For example, [1->"hello", 3->"world"] | map { 1->"goodbye", 2->"sweet" } would be equal to set { 1->"hello", 3->"world", 1->"goodbye", 2->"sweet" }.

Answer 17 · 2018-11-16T12:52:18.000Z

@gavinking wrote:

Well, sure, every Iterable is effectively a Set.

Hmm, through using Java I have empirically developed the (perhaps incorrect) understanding that Sets guarantee uniqueness of entries. So in that context, a [ 1, 1 ] would not be considered to be a Set..?

Your example with a sequence and a map is of course fine because all the elements of the set are unique. But based on my hypothesis above I would expect [ 1, 1, 3 ] | set { 4, 1 } would be equal to set { 1, 1, 3, 4, 1 } which is equal to set { 1, 3, 4 }.

Answer 18 · 2018-11-16T14:02:22.000Z

So in that context, a [ 1, 1 ] would not be considered to be a Set..?

Well, I mean, mathematically, a set is a value with just one operation, ∊, which in Ceylon we write as in.

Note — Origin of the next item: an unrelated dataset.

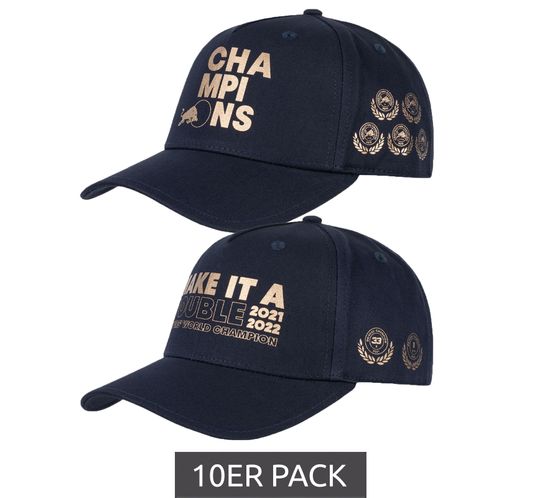 Pack économique de 10 casquette de championnat des Champions Oracle Red Bull Racing x Verstappen FW 2022 « Make it a double » ou « Champions » Marine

So as long as an object has a contains() method, it can be considered a set.

In particular, [ 1, 1 ] can be "considered" a Set by applying the set() function to it.

(Note that the definition of set in mathematics doesn't say anything at all about iterating values, or any of the other things that distinguish Sets from Lists.)

But based on my hypothesis above I would expect [ 1, 1, 3 ] | set { 4, 1 } would be equal to set { 1, 1, 3, 4, 1 } which is equal to set { 1, 3, 4 }.

Right, set { 1, 1, 3, 4, 1 } == set { 1, 3, 4 }.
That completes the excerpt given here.